Copy the listing in full and exactly, omitting its images.

▸ **SUPPLIED MATERIAL**
=== Section Start ===
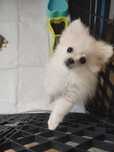 Szpic miniaturowy pomeranian chłopiec/wyprawka/gotowy do odbioru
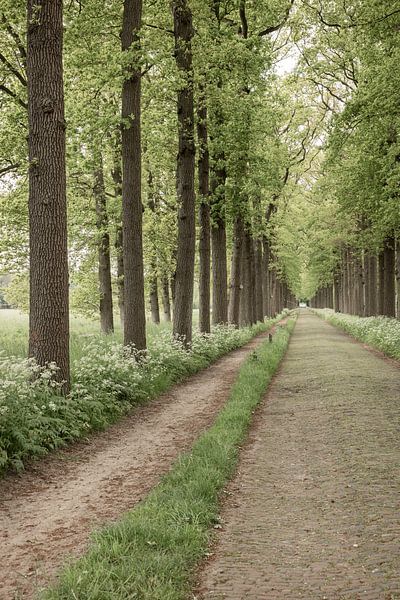 Avenue on Oldenaller estate in Putten (vertical) by Mayra Fotografie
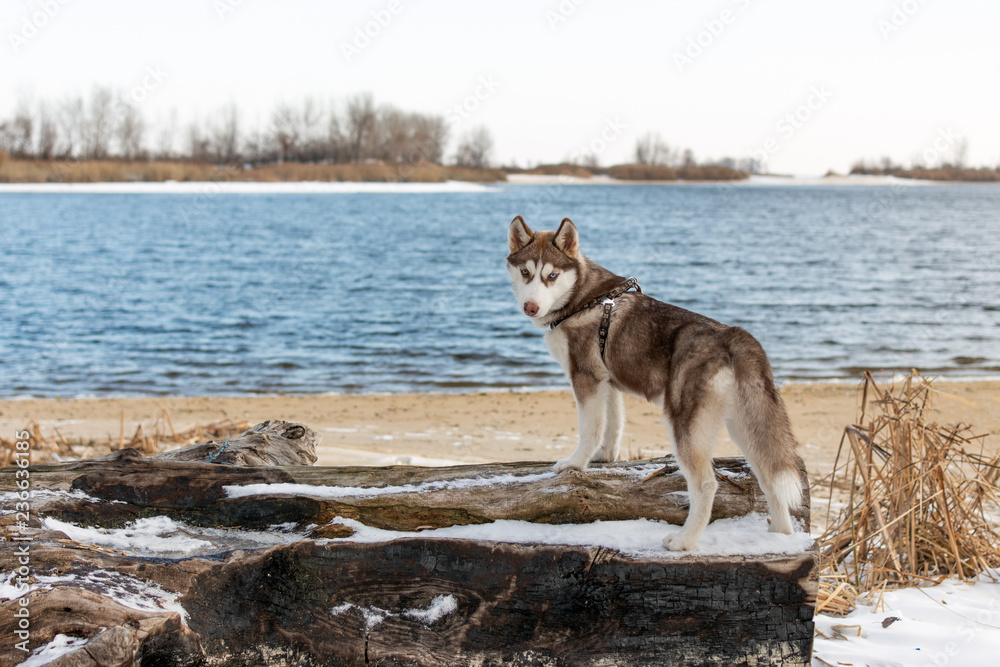 Portrait of husky dog. Dog admire the winter snowy beach and sea.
=== Section End ===
▸ **SOLVED PROBLEM**
 Szpic miniaturowy pomeranian chłopiec/wyprawka/gotowy do odbioru
 Avenue on Oldenaller estate in Putten (vertical) by Mayra Fotografie
 Portrait of husky dog. Dog admire the winter snowy beach and sea.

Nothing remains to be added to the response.